Distinguishing an on demand bond from a performance guarantee can be a tricky business. So a restatement of the principles by the Commercial Court in July in Caterpillar Moteren GMBH & Co K.G v Mutual Benefits Assurance Company  was a welcome reminder of the care which needs to be taken to ensure a bond truly meets the “on demand” criteria.
Caterpillar, entered into two subcontracts with International Construction & Engineering Inc (ICE) for the provision of services in connection with two power plants. Under each subcontract, ICE provided an advance payment bond and a performance bond issued by the defendant, Mutual Benefits Assurance Company (MBAC). Problems arose and Caterpillar made a call under the bonds. MBAC refused to honour the call.
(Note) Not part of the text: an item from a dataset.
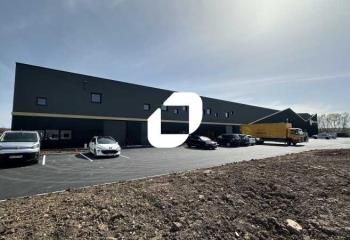 Location activité/entrepôt - 716 m²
Caterpillar applied for summary judgment, arguing that the bonds were “on demand” bonds. MBAC asserted that they were guarantees, and that it was only liable to pay the sums due if Caterpillar could establish that ICE was liable, either by means of an arbitral award or by concession.
The Court held in favour of Caterpillar, ruling that the bonds were “on demand”. It confirmed the approach taken in Wuhan Guoyu Logistics Group Co Ltd v Emporiki Bank of Greece SA . In doing so, it focussed on the wording of the instrument in question and whether the four factors identified in Paget's presumption (from Paget’s Law of Banking) are present, namely:
- Does the instrument relate to an underlying transaction between parties in different jurisdictions?
- Has the instrument been issued by a bank?
- Does the instrument contain an undertaking to pay “on demand” (with or without the words “first” and/or “written”)?
- Does the instrument NOT contain clauses excluding or limiting the defences available to a guarantor?
If the instrument meets all the above criteria there will be a presumption that it is “on demand”.